Erik Peterson
	   Computational Linguist, Applications Technology
	       Graduate Student, Georgetown University


	       A Chinese Named Entity Extraction System


			       ABSTRACT

	     For many information applications, being able to identify
       the proper names and other entities in the text is a vital step
       in understanding and using the text.  For example, in a
       Chinese-English machine translation system, if a word is
       identified as a person name, it can be romanized, rather than
       being translated as a regular word.  Other entities, such as
       times, dates, and money amounts, are best translated by modules
       with special knowledge of these domains.  This paper discusses
       the development and testing of a Perl-based named entity
       identification and extraction system for simplified Chinese
       text.  This system can serve as a first stage to other Chinese
       language processing systems.  Entities that are identified
       include locations, person names, organizations, dates, times,
       money amounts, and percentages.  The system uses a segmenter
       and a specially created pattern matching language to identify
       these named entities.  Useful criteria for finding each of
       these entity types, along with the major problems in finding
       them, are discussed.  Scores are reported for the system as run
       on a test corpus and possibilities for improvement are
       proposed.


INTRODUCTION
------------

	For many information applications, being able to identify the
proper names, among other entities, in the text is an important step
in understanding and using the text.  For example, in a
Chinese-English machine translation system, if a word is identified as
a person name, it can be romanized, rather than being directly
translated.  Other entities, such as times, dates, and money amounts,
are best translated by modules with special knowledge of these
domains.

	Fortunately, these entities have common characteristics and
occur in regular contexts that make it possible to write patterns to
identify them.  To utilize these common patterns, I have written a
complete system for processing Chinese text and identifying named
entities.  This system is written entirely in the Perl programming
language, making it portable to a variety of computer systems.  It
runs on texts encoded in the GuoBiao (GB) computer code set for
Chinese, as used in the People's Republic of China and Singapore.

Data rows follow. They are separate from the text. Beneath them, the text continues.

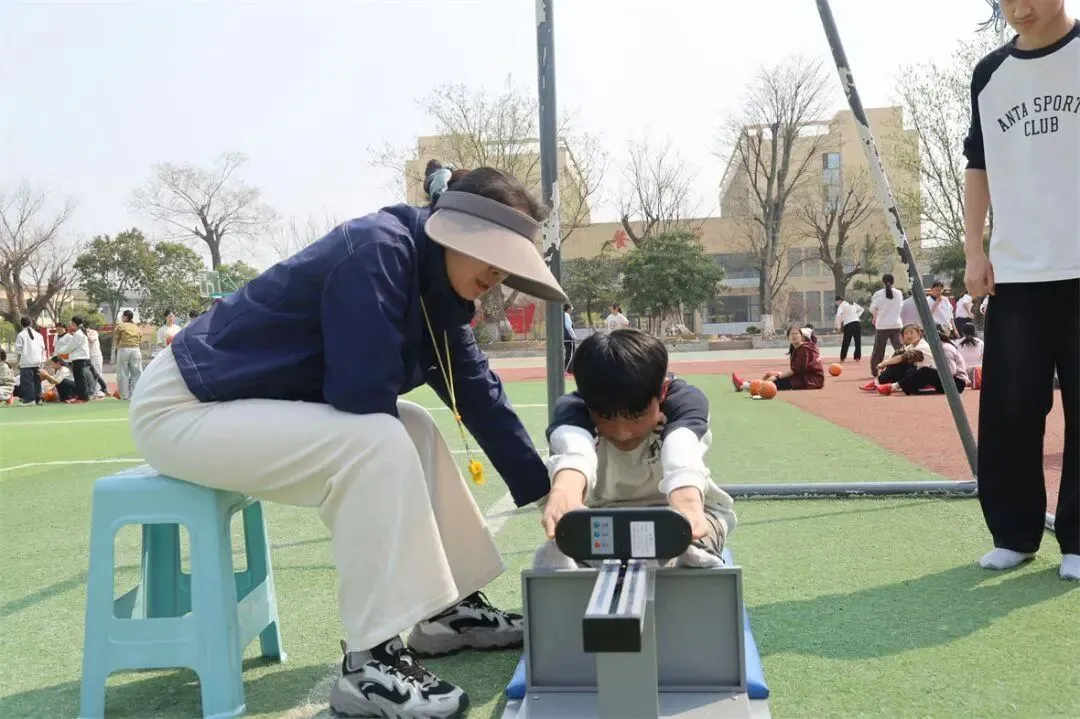 向上吧,少年!丨九年级体育模拟测试圆满结束~ 第30张 向上吧,少年!丨九年级体育模拟测试圆满结束~ 第30张
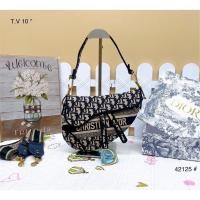 ราคา กระเป๋าสะพายข้าง คาดอกดิออร์ทรงออนม้า ไซส์ 10 นิ้ว งานเกรดพรีเมียม สินค้ามาพร้อมกล่อง (22955053212)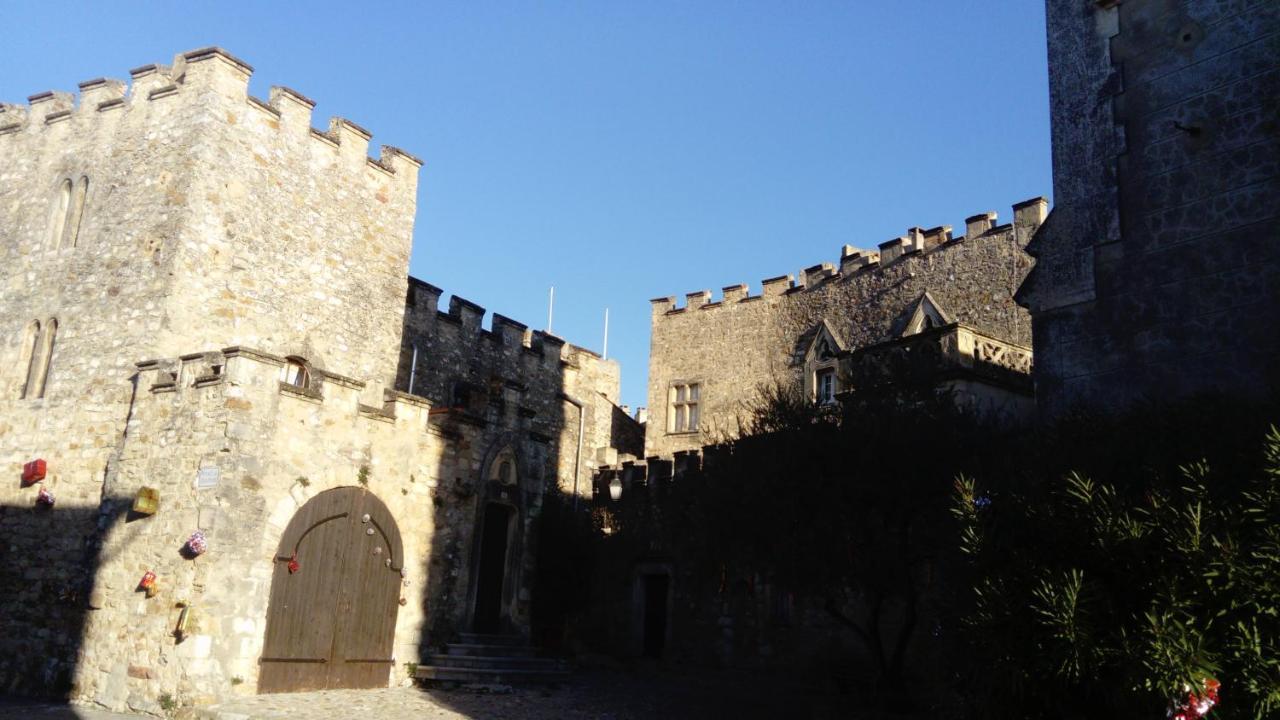 L'Oustau Bonur Acomodação com café da manhã Bourg-Saint-Andéol Exterior foto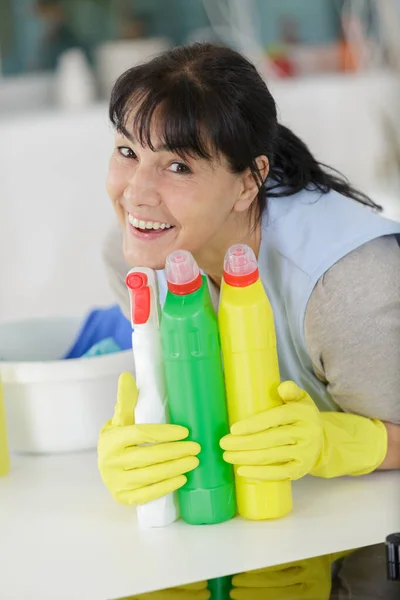 Portrait Mature Housewife Who Ready Housework — Stock Photo, Image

	An important part of any Chinese language processing system is
tokenizing the text into character compounds.  How the text is
segmented is influenced by the needs of the subsequent processing
stages.  The segmenter used by this extraction system uses a simple
Maximal Matching Algorithm, augmented with routines to find numbers,
transliterated names, and Chinese names.  Development of the segmenter
occurred in close coordination with development of the extraction
system.  For example, compounds that would otherwise be considered
valid words are removed from the segmenter's lexicon if they cause
conflicts in finding a named entity.  For example, the compound 英国人 
(England + Person = Englishman) was removed since it interfered in
finding "England" by itself as a location.

	Decisions on what to consider as a person, location,
organization, etc. are mostly drawn from the tagging guidelines
established for the Message Understanding Conference sponsored by the
United States government [1].  Each extraction type below includes a
summary of what was included and excluded during name finding.

	English text mixed in with the Chinese is not processed at
all, as this is outside the scope of a Chinese named entity extraction
system.  Once a word or phrase is identified as belonging to a given
entity type, its offsets are stored and can be a useful input to
further language processing, machine translation, and information
retrieval systems.

	The rules developed for this system also reflect the target
documents on which the system was run.  For development and testing, I
used simplified Chinese news summaries from the Voice of America
broadcasts to China.  The writing style used by a mainland China
newspaper or a Singapore newspaper would lead to the modification
of existing rules and addition of new ones.


PATTERN MATCHING
----------------

	Although the Perl programming language provides a rich set of
pattern matching operators, these operators are designed to work on
the character level rather than on the word level.  To facilitate the
matching of named entities, which are usually one or more words, I
created a simple word level pattern matching language which is the
basis for all of the entity identification done by the system.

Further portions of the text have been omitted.